まずイザベルユペールと子供が家に帰ると夫が帰還している、というシーンは映画におけるひとつの転換点であり、シャブロルはここで親子が玄関まで来て家に入るところをわざと長めに撮ったらしい。また息子の視線ショットによって寝ている父親を映している。
またシャブロルによれば、父親が寝ながら手がズボンの下にあるという点が、彼の今後を暗示しているらしい。知らんがな。
シャブロル自身が言及しているように、本作は主観ショットが非常によく出てくる。
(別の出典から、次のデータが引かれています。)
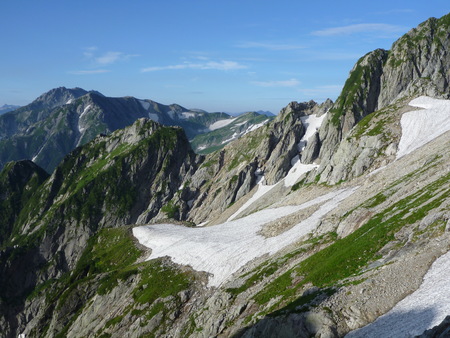 8/12-8/16 剱岳 (③北方稜線編)_e0189446_121615100.jpg
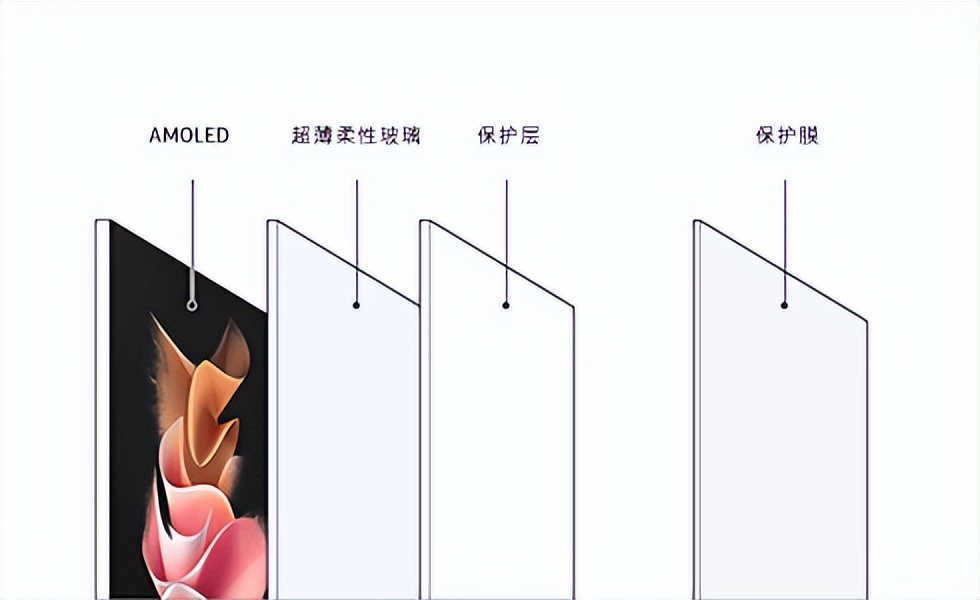 可能丧失保修！这类原厂保护膜不要自行撕除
時に鍵穴からの光景としても捉えられるし、あるいはその光景が物語を動かす契機にもなっている。
特に夫婦の喧嘩を目撃する息子の視線ショットが非常によくできている。
あるいは扉の向こう、窓の向こうの風景も印象的に撮られている。
イザベル・ユペールが教室で歌ってみせるシーンでは、思わぬ長回しで極めて美しい窓の外からの画面として捉えられれている一方、そのあとカメラが窓の中へ入るのがあまり好みではない。
シャブロルいわく、外の世界と中の世界を対比させたのだとか。
終盤の法廷を中心とした描写はあまり面白いとは思えない。
イザベル・ユペールの顛末を暗示したガチョウの首切りシーンが面白い。それは「目隠し」という点でも実に印象的だが、あの巨大な被り物や、背景のナチのマークなどの視覚的なインパクトが非常に強い。この映画は全体的に地味で完結で簡素だが、このシーンと法廷の壁にある大きな絵画が非常に強烈な印象を残す。